Wednesday, July 17, 2002

Planned volunteer-informant corps elicits '1984' fears


As part of the country's war against terrorism, the Bush administration by next month wants to recruit a million letter carriers, utility workers and others whose jobs allow them access to private homes into a contingent of organized government informants. Top Stories

The Terrorism Information and Prevention System (Operation TIPS), a national reporting pilot program, is scheduled to start next month in 10 cities, with 1 million informants — or nearly 4 percent of Americans — initially participating in the program.
The program will allow volunteers, whose routines make them well-positioned to recognize suspect activities, to report the same to the Justice Department, which is running the project. The Justice Department will enter the information into a database, which will then be broadly available within the department, and to state and local agencies and local police forces. At local and state levels, the program will be coordinated by the Federal Emergency Management Agency.
Operation TIPS is one part of President Bush's new volunteer Citizen Corps program that urges Americans to keep their neighborhoods safe.
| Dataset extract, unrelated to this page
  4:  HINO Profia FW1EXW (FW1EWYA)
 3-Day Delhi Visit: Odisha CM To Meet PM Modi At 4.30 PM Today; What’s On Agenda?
The program is described on the government Web site www.citizencorps.gov.
"This broad network of volunteer efforts will harness the power of the American people by relying on their individual skills and interests to prepare local communities to effectively prevent and respond to the threats of terrorism, crime, or any kind of disaster," the program's description on the Web site states.
The program has already alarmed several civil liberties groups, including the American Civil Liberties Union and the Rutherford Institute, which say the administration should not allow TIPS to become "an end run around the Constitution."
Critics say that having Americans act as "domestic informants" is reminiscent of the infamous Stasi, the new-disbanded communist East German secret police service that snooped on dissidents and ordinary East German citizens for more than 40 years, compiling a huge catalogue of notes.
Rachel King, an ACLU legislative counsel, said yesterday the organization is concerned that law enforcement will use the volunteers, especially those whose occupations allow them to enter homes and monitor residents — to search people's residences, without a warrant. She said that the organization is also worried that the program will adversely affect the fight against terrorism by wasting resources on useless tips and that the program will encourage vigilantism and racial profiling.
"The administration apparently wants to implement a program that will turn local cable or gas or electrical technicians into government-sanctioned peeping Toms," Miss King said.